- _EXERCISE REQUIREMENTS_:
Only one stretch of the records below should be repeated. It starts with the line containing "map of restaurants, bars, coffee" and goes on through the line containing "A Victorian leatherbound", exactly as written.

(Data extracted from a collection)
+ + +
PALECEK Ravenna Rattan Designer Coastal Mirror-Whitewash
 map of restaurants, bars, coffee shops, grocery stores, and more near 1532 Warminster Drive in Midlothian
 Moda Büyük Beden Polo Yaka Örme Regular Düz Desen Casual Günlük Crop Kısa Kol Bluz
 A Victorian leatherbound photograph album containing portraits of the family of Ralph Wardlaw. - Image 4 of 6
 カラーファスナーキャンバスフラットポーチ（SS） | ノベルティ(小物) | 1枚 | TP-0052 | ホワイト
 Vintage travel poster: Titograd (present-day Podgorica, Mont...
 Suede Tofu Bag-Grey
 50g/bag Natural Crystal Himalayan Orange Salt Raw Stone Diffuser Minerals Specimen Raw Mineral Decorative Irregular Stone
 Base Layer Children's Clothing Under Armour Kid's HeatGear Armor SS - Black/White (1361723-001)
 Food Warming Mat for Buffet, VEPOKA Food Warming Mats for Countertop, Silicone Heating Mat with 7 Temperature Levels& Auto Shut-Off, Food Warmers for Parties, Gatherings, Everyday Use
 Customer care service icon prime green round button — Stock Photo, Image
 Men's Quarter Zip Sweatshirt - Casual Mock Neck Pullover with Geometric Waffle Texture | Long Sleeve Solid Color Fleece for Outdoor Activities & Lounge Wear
+ + +
- _TASK RESULT_:
 map of restaurants, bars, coffee shops, grocery stores, and more near 1532 Warminster Drive in Midlothian
 Moda Büyük Beden Polo Yaka Örme Regular Düz Desen Casual Günlük Crop Kısa Kol Bluz
 A Victorian leatherbound photograph album containing portraits of the family of Ralph Wardlaw. - Image 4 of 6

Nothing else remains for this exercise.